You are viewing documentation about an older version (1.4.0). View latest version

snowflake.snowpark.udf.UDFRegistration

class snowflake.snowpark.udf.UDFRegistration(session: Session)[source]

Bases: object

Provides methods to register lambdas and functions as UDFs in the Snowflake database. For more information about Snowflake Python UDFs, see Python UDFs.

session.udf returns an object of this class. You can use this object to register UDFs that you plan to use in the current session or permanently. The methods that register a UDF return a UserDefinedFunction object, which you can also use in Column expressions.

Note

Before creating a UDF, think about whether you want to create a vectorized UDF (also referred to as Python UDF Batch API) or a regular UDF. The advantages of a vectorized UDF are:

  • The potential for better performance if your Python code operates efficiently on batches of rows.

  • Less transformation logic is required if you are calling into libraries that operate on Pandas DataFrames or Pandas arrays.

Refer to Python UDF Batch API for more details. The following text explains how to create a regular UDF and a vectorized UDF by using the Snowpark Python APIs.

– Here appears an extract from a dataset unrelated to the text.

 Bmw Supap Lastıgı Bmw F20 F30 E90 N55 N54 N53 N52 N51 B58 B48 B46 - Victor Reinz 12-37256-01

There are two ways to register a UDF with Snowpark:

  • Use udf() or register(). By pointing to a runtime Python function, Snowpark uses cloudpickle to serialize this function to bytecode, and deserialize the bytecode to a Python function on the Snowflake server during UDF creation. During the serialization, the global variables used in the Python function will be serialized into the bytecode, but only the name of the module object or any objects from a module that are used in the Python function will be serialized. If the size of the serialized bytecode is over 8K bytes, it will be uploaded to a stage location as a Python file. If it’s under 8K, it will be added to the UDF in-line code. During the deserialization, Python will look up the corresponding modules and objects by names. For example:

    >>> import numpy
    >>> from resources.test_udf_dir.test_udf_file import mod5
    >>> a = 1
    >>> def f():
    ...     return 2
    >>>
    >>> from snowflake.snowpark.functions import udf
    >>> session.add_import("tests/resources/test_udf_dir/test_udf_file.py", import_path="resources.test_udf_dir.test_udf_file")
    >>> session.add_packages("numpy")
    >>> @udf
    ... def g(x: int) -> int:
    ...     return mod5(numpy.square(x)) + a + f()
    >>> df = session.create_dataframe([4], schema=["a"])
    >>> df.select(g("a")).to_df("col1").show()
    ----------
    |"COL1"  |
    ----------
    |4       |
    ----------
    
    Copy

    Here the variable a and function f will be serialized into the bytecode, but only the name of numpy and mod5 will be included in the bytecode. Therefore, in order to have these modules on the server side, you can use add_import() and add_packages() to add your first-party and third-party libraries.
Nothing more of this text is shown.